President Joe Biden, right, gestures with India’s Prime Minister Narendra Modi before the Partnership for Global Infrastructure and Investment meeting at the G20 summit, Tuesday, Nov. 15, 2022, in Nusa Dua, Bali, Indonesia. Biden is expected to host Modi this week for his first official state visit.

AP

Hate and fear coated with the veneer of economic prosperity sells.

So Indian Prime Minister Narendra Modi, like his far-right contemporaries and fascists from the past, has the ability to draw large, adoring crowds in his own country and from the diaspora overseas. That includes the United States, where he will be flying in this week for his first official state visit.

President Joe Biden and some other Western leaders may have serious concerns about India’s belligerence against its religious minorities, particularly Muslims, oppressed castes, dissidents, journalists and other marginalized groups.
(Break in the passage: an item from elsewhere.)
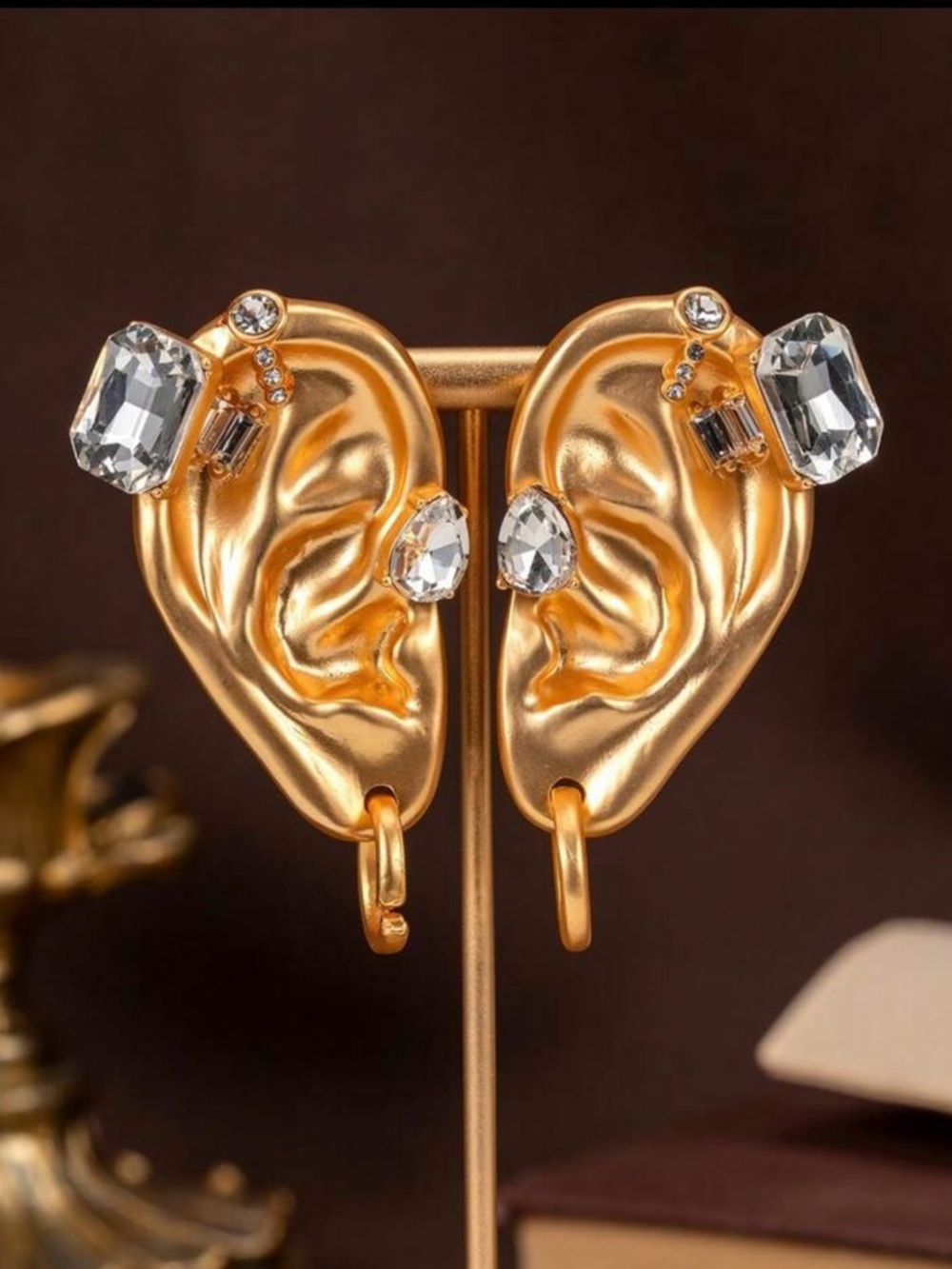 Schiaparelli Inspired Gold Ear-Shaped Crystal Statement Earrings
But the politicians have found themselves playing along, publicly sidestepping Modi and his Bharatiya Janata Party’s horrific human rights record for the sake of bolstering a strategic relationship with India, in hopes of countering China’s influence in the Indo-Pacific and possibly Russia’s aggression.

“I should take your autograph,” Biden reportedly joked to Modi at a summit in Japan last month. Biden went on to tell the Hindu nationalist that the White House has been inundated with invitation requests for his upcoming stop in Washington, D.C., according to the Indian press.

“You are too popular,” Biden apparently gushed, as if he were a nerd talking to the coolest kid in the high school cafeteria, not the despot who was once banned from the U.S. for his alleged complicity in the deadly 2002 Gujarat riots.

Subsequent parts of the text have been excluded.